RISC OS Open: Forum: Filename Translation

Jun 7, 2021 4:18pm

Steffen Huber (91) 1953 posts

The reason for the diversion into international issues is that these days other filing systems can handle names that just cannot be represented under RISC OS.

But Theo’s point was that, if you use UTF-8 encoding throughout, that RISC OS can handle all those i18n filenames. Not that their name will look the same on both OSes, but the name mapping can be 1:1, because RISC OS can handle top-bit-set 8bit characters in filenames without problems. So you can always do host-fs-whatever-encoding-is-used to UTF-8 encoding and show the result on the RISC OS side. At least, this allows access of all files.

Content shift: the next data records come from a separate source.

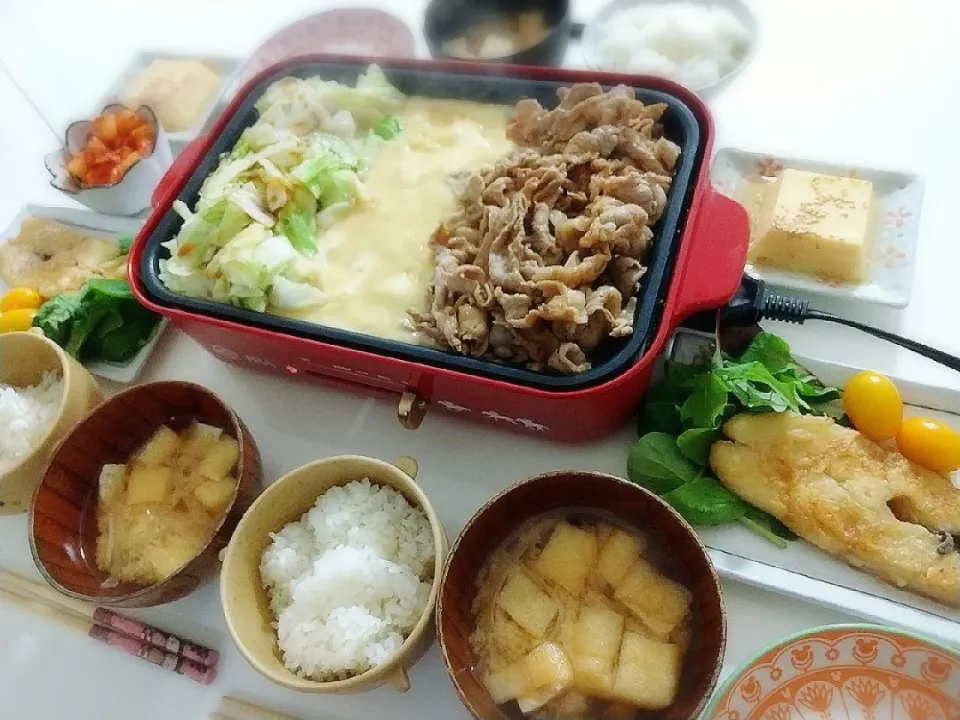 夕食(*^^*)
チーズダッカルビ風。豚キャベツ😁
カラスカレイバターソテー&サラダ🥗
たまご豆腐
カクテキ
お味噌汁(大根、油揚げ)|プリン☆さん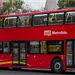Metrob&uacute;s CDMX y autob&uacute;s rojo Londres se enfrentan en la previa del Mundial 2026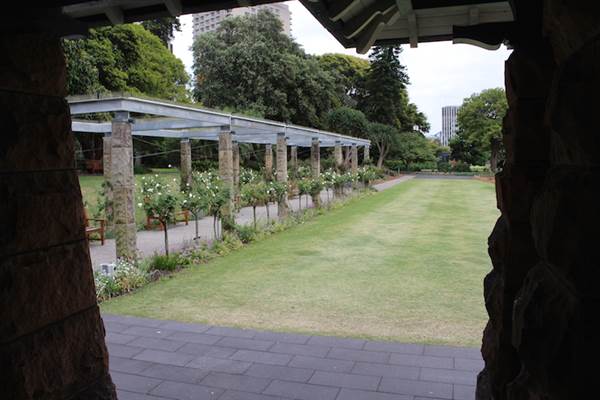 Rose Garden & Pavilion - Royal Botanic Garden Sydney (24/10/2014)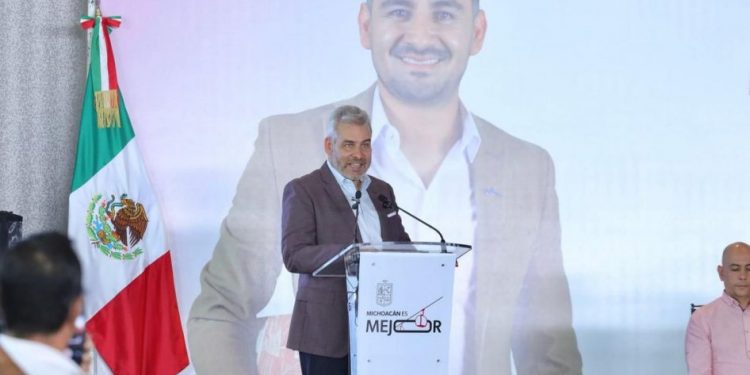 Gobierno de Bedolla le cumple a maestras y maestros michoacanos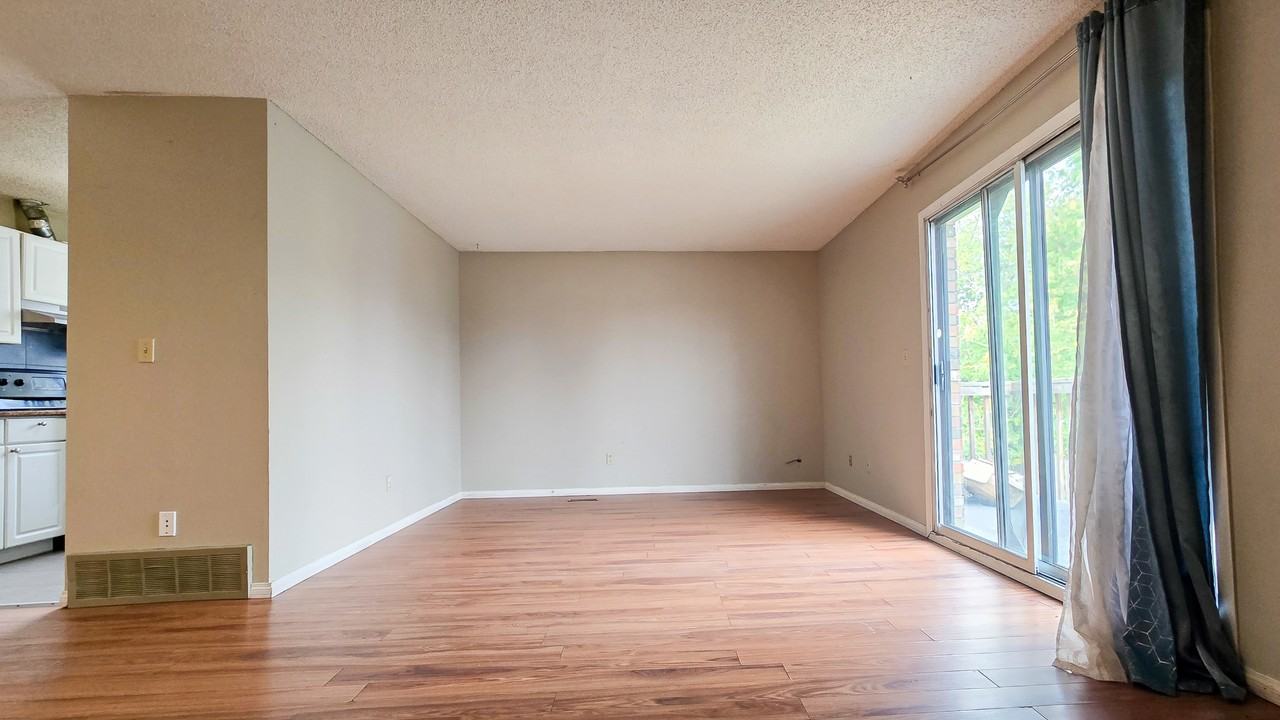 1515 36 St Se - Photo 7 of 22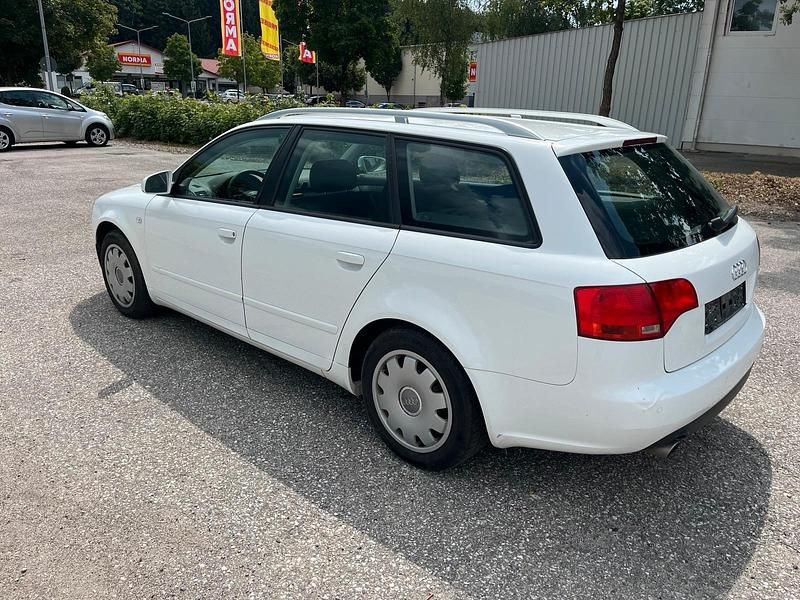 Weiß Gebraucht 2007 Audi A4 Business Kombi | 1.990 € (Superpreis) - Bild 1/4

Then, you can still allow the user to restrict the client’s FS to a subset with e.g. encoding conversion to the RISC OS alphabet.

Jun 8, 2021 8:47am

Colin (478) 2433 posts

Can you elaborate on how utf8 can be used?

As I see it:

1) local storage filenames are encoded in the current territory

2) remote storage filenames are encoded in unicode

3) To copy from local to remote ignoring other filing system differences you need to translate territory→unicode.

4) To copy from remote to local you need to translate unicode→territory

If in 4 instead of unicode→territory you do unicode→utf8 then you have changed the filename and would save as different file if you double clicked on a file, modified and saved.

The only way I can see utf8 working is if the current territory uses utf8.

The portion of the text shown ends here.